Google’s Open Source Security Team has introduced a new project called OSS Rebuild, which aims to strengthen trust in open source package ecosystems. The initiative includes automation for deriving declarative build definitions, tools for build observability and verification, and infrastructure definitions to help organizations rebuild, sign, and distribute packages with verified provenance. As part of the project, the team has already published SLSA Provenance attestations for thousands of packages across supported ecosystems.
The primary goal of OSS Rebuild is to empower the security community by making package consumption as transparent as using a source repository. By utilizing a declarative build process, build instrumentation, and network monitoring, the platform generates detailed, trustworthy security metadata within the SLSA Build framework. Drawing from their experience with OSS Fuzz for memory issue detection, Google aims to use hosted resources to address security challenges in the open source space, focusing on securing the software supply chain.
One of the key features of OSS Rebuild is its ability to detect various classes of supply chain compromise. This includes identifying unsubmitted source code, which can be a sign of tampered packages. By creating standardized, minimal build environments with comprehensive monitoring, the project can detect suspicious build activity or prevent exposure to compromised components. Additionally, OSS Rebuild’s dynamic analysis capabilities can detect stealthy backdoors, which often exhibit anomalous behavioral patterns during builds.
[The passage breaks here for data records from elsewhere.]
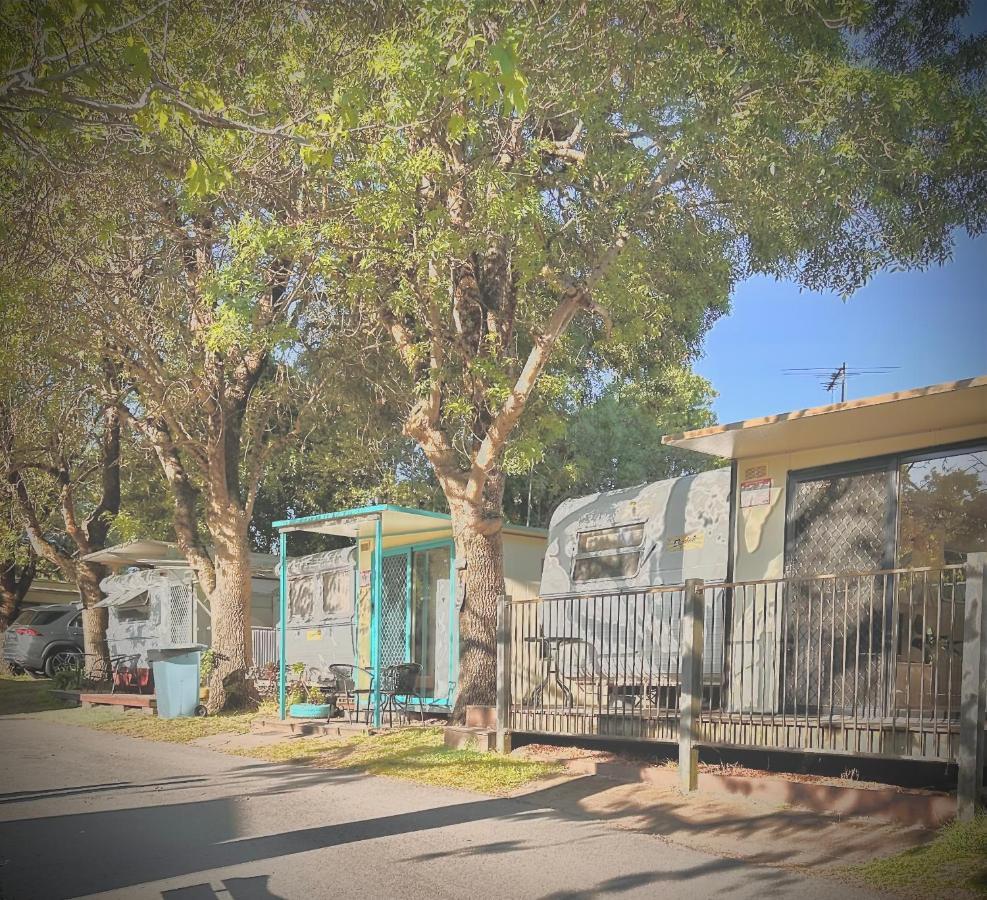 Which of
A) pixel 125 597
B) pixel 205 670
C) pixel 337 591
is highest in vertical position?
pixel 337 591

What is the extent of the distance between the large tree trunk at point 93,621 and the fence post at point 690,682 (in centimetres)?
1819

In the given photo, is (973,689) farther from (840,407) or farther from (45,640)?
(45,640)

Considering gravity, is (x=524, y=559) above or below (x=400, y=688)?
above

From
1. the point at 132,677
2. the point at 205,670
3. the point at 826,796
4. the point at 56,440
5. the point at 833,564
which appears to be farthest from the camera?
the point at 132,677

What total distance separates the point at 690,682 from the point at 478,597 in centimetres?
433

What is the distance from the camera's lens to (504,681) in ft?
40.8

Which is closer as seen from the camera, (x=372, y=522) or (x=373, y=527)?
Answer: (x=372, y=522)

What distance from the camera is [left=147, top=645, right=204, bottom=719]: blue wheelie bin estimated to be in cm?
1898

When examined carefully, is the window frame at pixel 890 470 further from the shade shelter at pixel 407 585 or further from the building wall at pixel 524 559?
the building wall at pixel 524 559

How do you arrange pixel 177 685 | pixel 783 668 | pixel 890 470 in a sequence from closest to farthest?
pixel 783 668, pixel 890 470, pixel 177 685

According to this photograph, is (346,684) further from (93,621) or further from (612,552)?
(93,621)

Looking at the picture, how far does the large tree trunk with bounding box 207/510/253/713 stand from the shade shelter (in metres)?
1.45

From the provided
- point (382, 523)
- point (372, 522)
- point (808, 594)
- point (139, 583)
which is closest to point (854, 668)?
point (808, 594)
These advanced detection methods make the project a powerful tool for enterprises and security professionals seeking to enhance their security posture.
For organizations, OSS Rebuild offers several benefits. It allows them to enhance metadata without changing registries by enriching data for upstream packages. This means companies do not need to maintain custom registries or migrate to a new package ecosystem. The initiative also helps augment Software Bills of Materials (SBOMs) by adding detailed build observability information, creating a more complete security picture. Furthermore, the project accelerates vulnerability response by providing a path to vendor, patch, and re-host upstream packages using verifiable build definitions.
Google has initially supported PyPI (Python), npm (JS/TS), and Crates.io (Rust) package registries, providing rebuild provenance for many of their most popular packages. The team emphasizes that this is just the beginning, with plans to expand support to other ecosystems in the future. The easiest way to access OSS Rebuild attestations is through the provided Go-based command-line interface, which allows users to easily obtain the benefits of the project without significant changes to their workflows.